==== Raw data

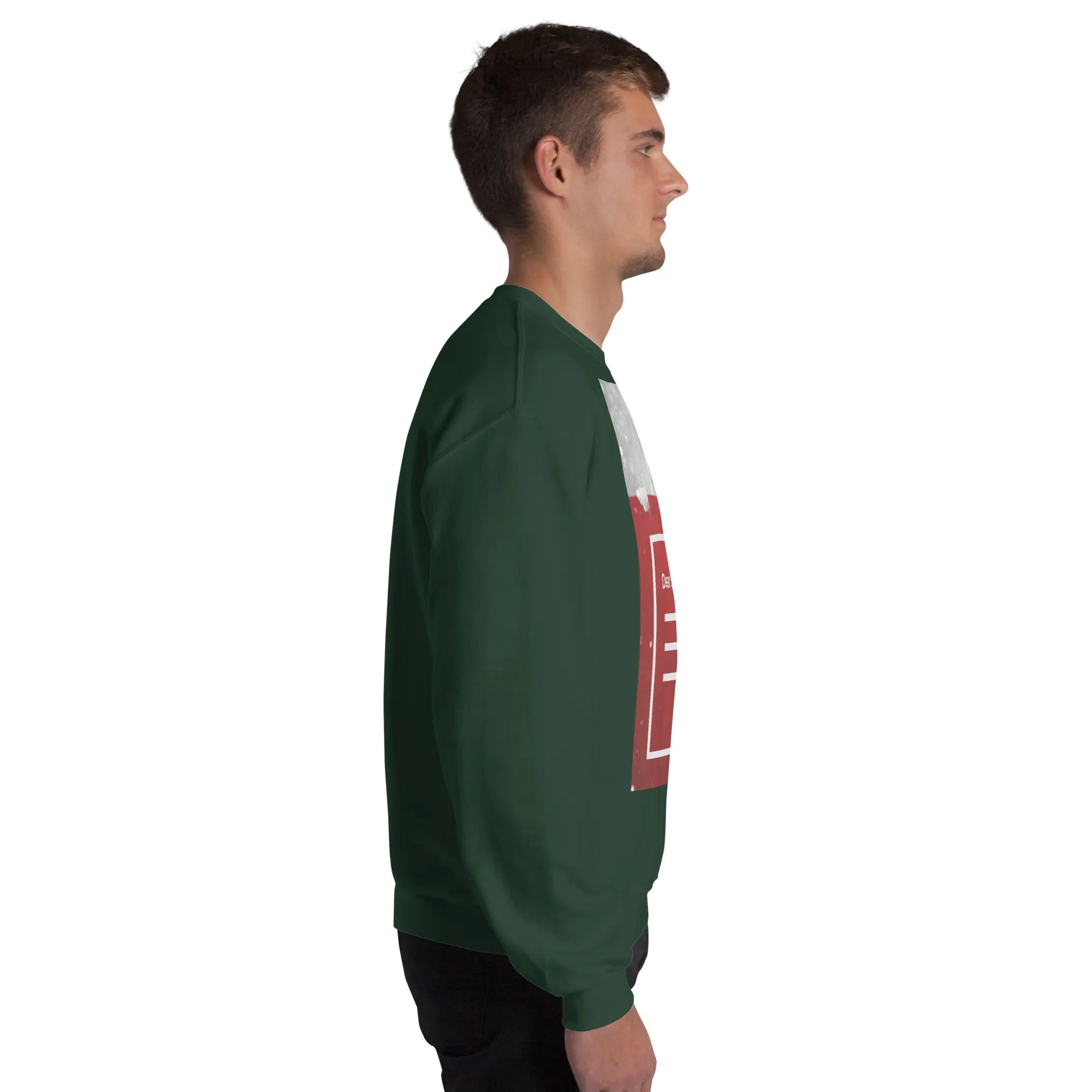 Dear Santa Christmas Sweatshirt (Glamourange Christmas Sweatshirt Men)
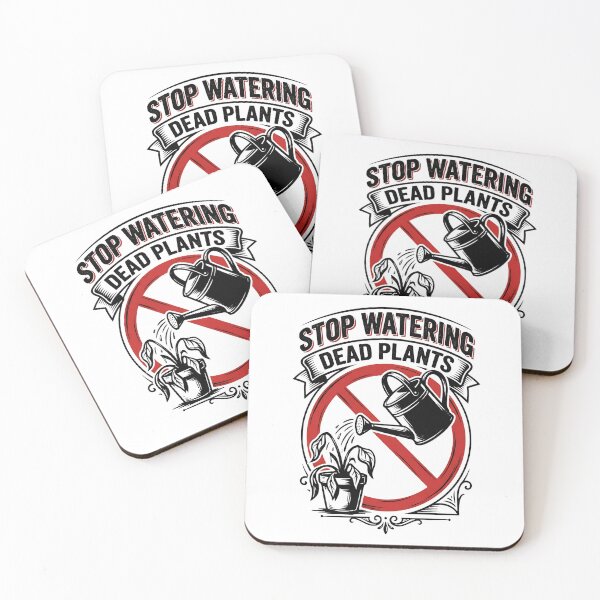 Item preview, Stop Watering Dead Plants – Funny Gardening Quote Vintage Graphic designed and sold by BumbleBloom7.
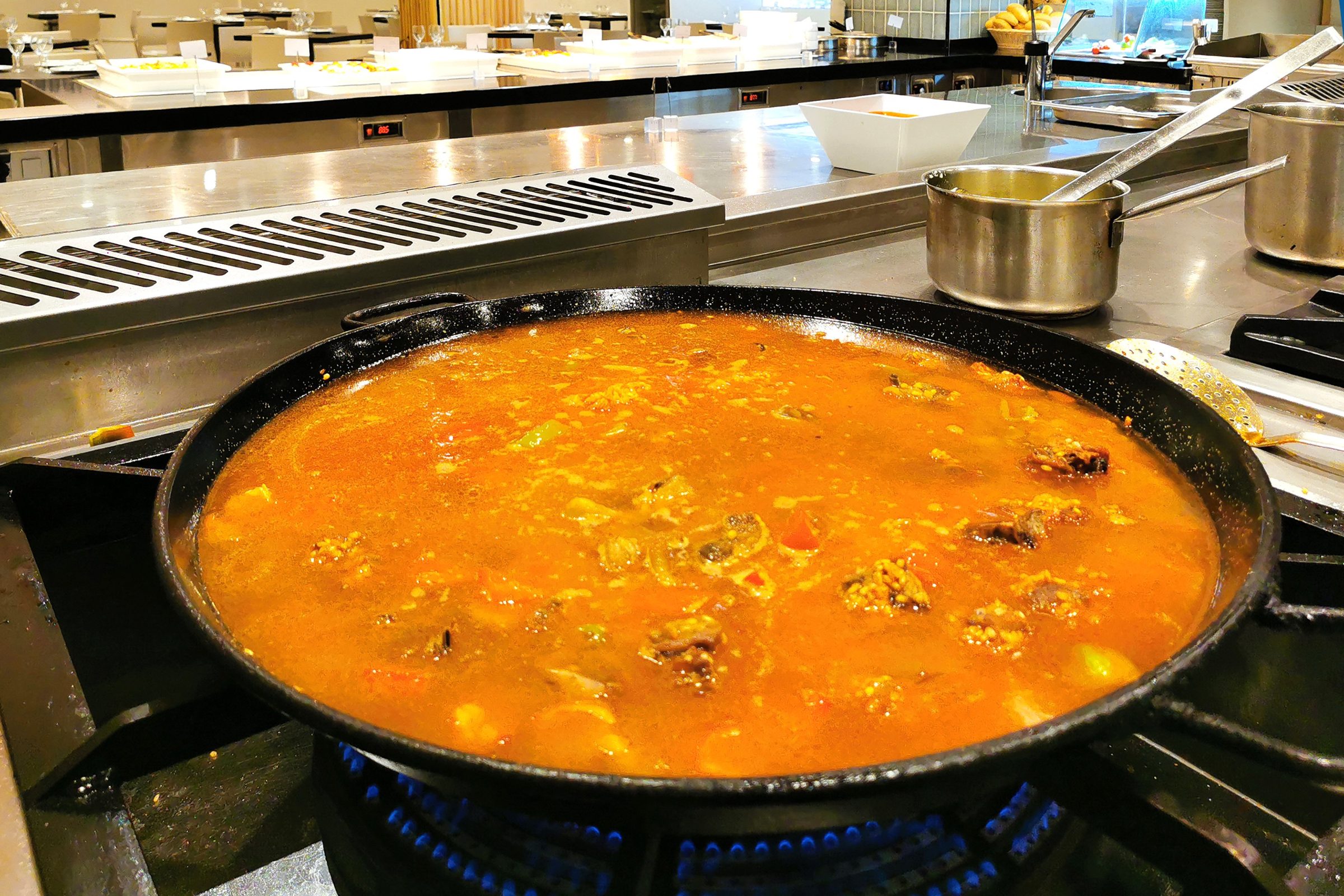 Gastronomía en el Aparthotel & Spa Acualandia Peñíscola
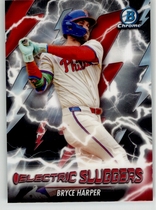 2026 Bowman Chrome Electric Sluggers #ES-6 Bryce Harper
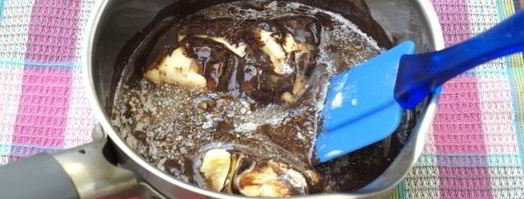 брауни с малиной. Шаг 4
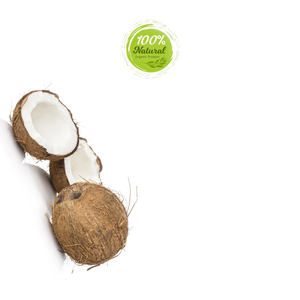 La noix de coco séchée augmente la saveur des légumes grillés Produit agricole premium - Product Image 6
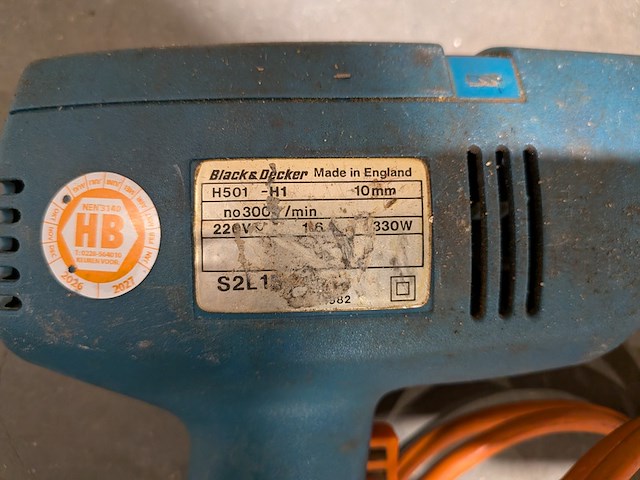 5x divers elektrisch gereedschap, o.a. makita, metabo & creusen - afbeelding 10 van  24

========

# Aim of the exercise:
Every record must be set down again exactly; pictures do not belong in the copy.

# Result for this task:
 Dear Santa Christmas Sweatshirt (Glamourange Christmas Sweatshirt Men)
 Item preview, Stop Watering Dead Plants – Funny Gardening Quote Vintage Graphic designed and sold by BumbleBloom7.
 Gastronomía en el Aparthotel & Spa Acualandia Peñíscola
 2026 Bowman Chrome Electric Sluggers #ES-6 Bryce Harper
 брауни с малиной. Шаг 4
 La noix de coco séchée augmente la saveur des légumes grillés Produit agricole premium - Product Image 6
 5x divers elektrisch gereedschap, o.a. makita, metabo & creusen - afbeelding 10 van  24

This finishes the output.